Task requirements
Reproduction of part of the material below, pictures omitted: copy exactly, and only, the lines starting with the one with "ruffle short sleeve" and going on through the one with "- Publicité VENTE-UNIQUE".

╭─ Source data

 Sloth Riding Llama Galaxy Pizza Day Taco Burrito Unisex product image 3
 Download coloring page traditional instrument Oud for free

╰─
╭─ Source data

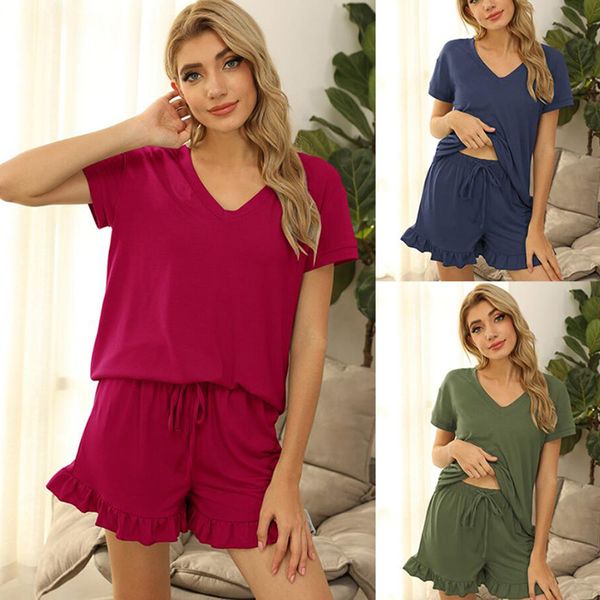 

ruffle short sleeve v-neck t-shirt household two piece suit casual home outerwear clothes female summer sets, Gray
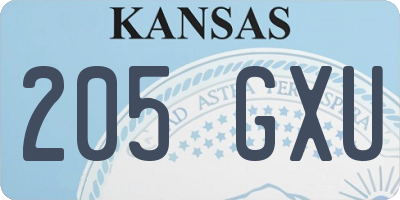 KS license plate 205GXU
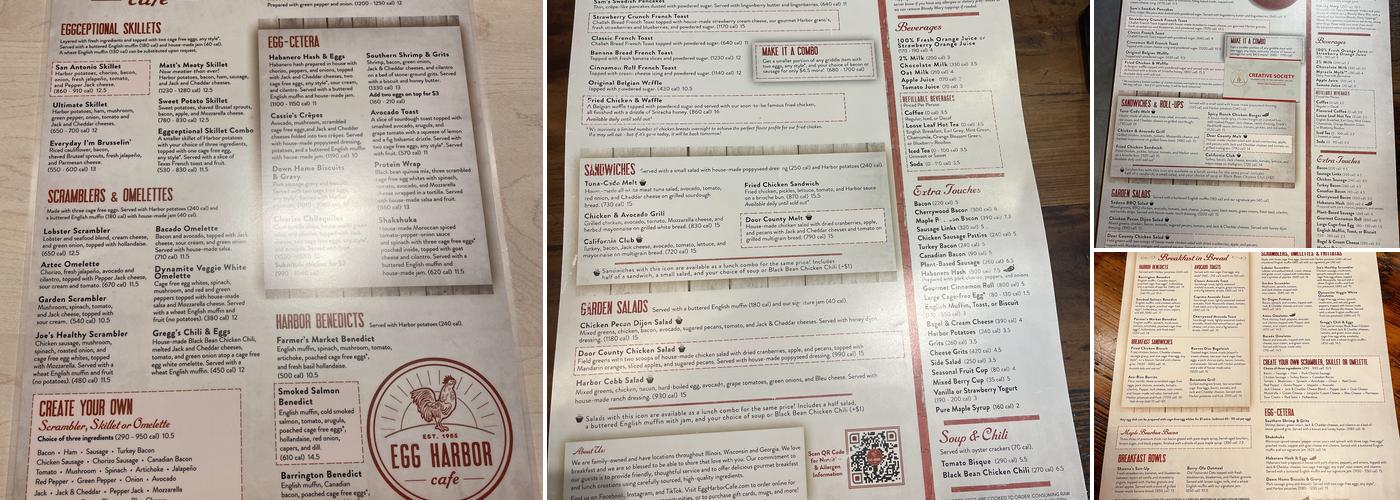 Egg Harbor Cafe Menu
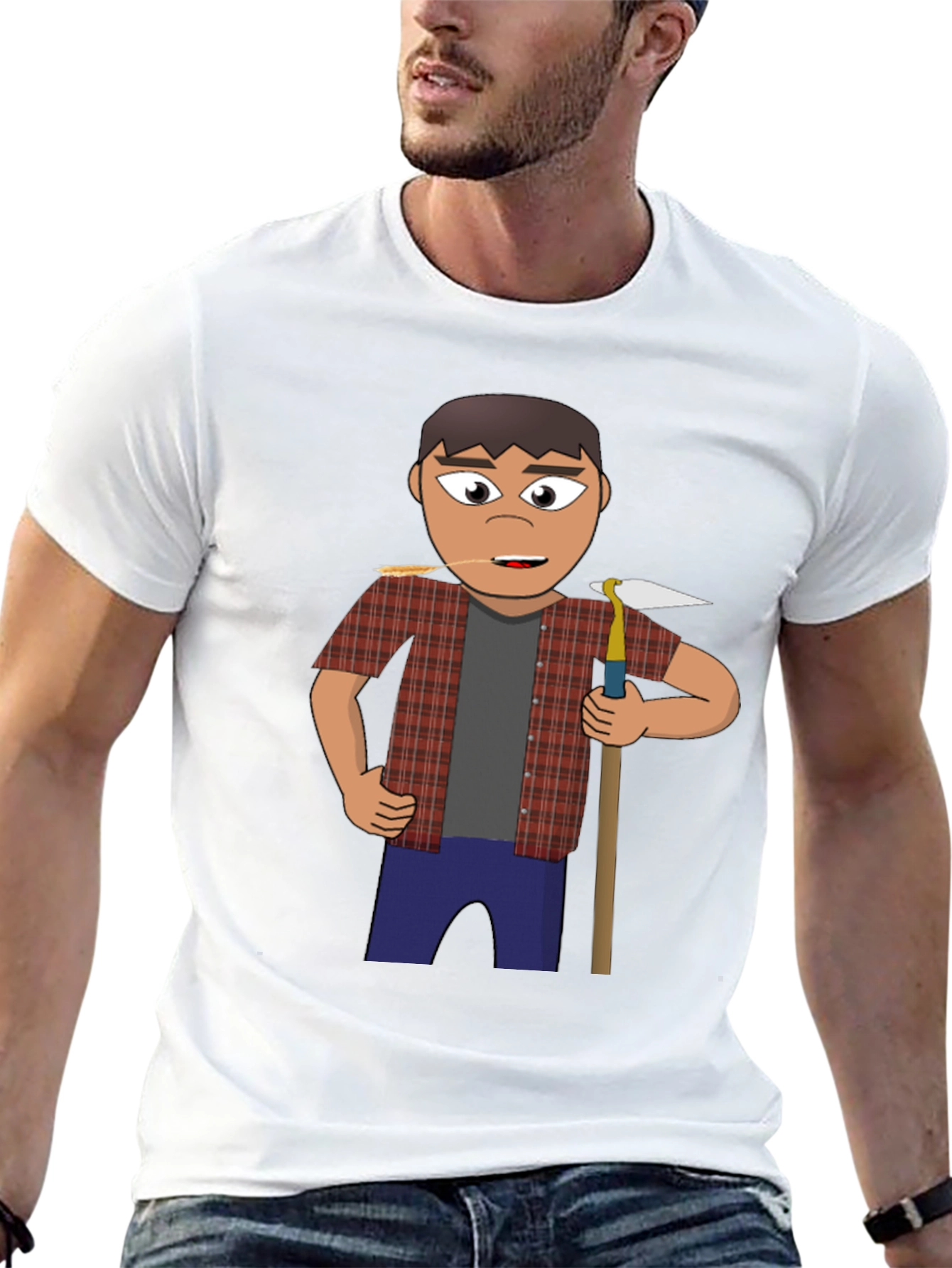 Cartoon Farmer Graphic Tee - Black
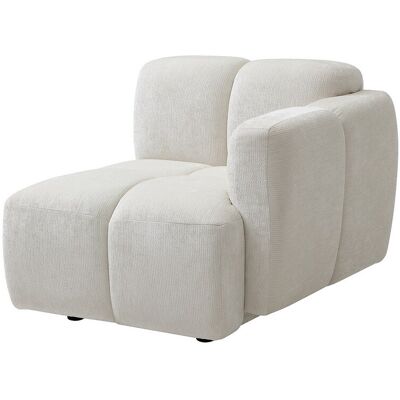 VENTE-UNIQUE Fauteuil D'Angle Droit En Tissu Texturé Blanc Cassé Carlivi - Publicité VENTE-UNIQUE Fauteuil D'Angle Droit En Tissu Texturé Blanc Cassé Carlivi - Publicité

╰─

Reply to the task
ruffle short sleeve v-neck t-shirt household two piece suit casual home outerwear clothes female summer sets, Gray
 KS license plate 205GXU
 Egg Harbor Cafe Menu
 Cartoon Farmer Graphic Tee - Black
 VENTE-UNIQUE Fauteuil D'Angle Droit En Tissu Texturé Blanc Cassé Carlivi - Publicité VENTE-UNIQUE Fauteuil D'Angle Droit En Tissu Texturé Blanc Cassé Carlivi - Publicité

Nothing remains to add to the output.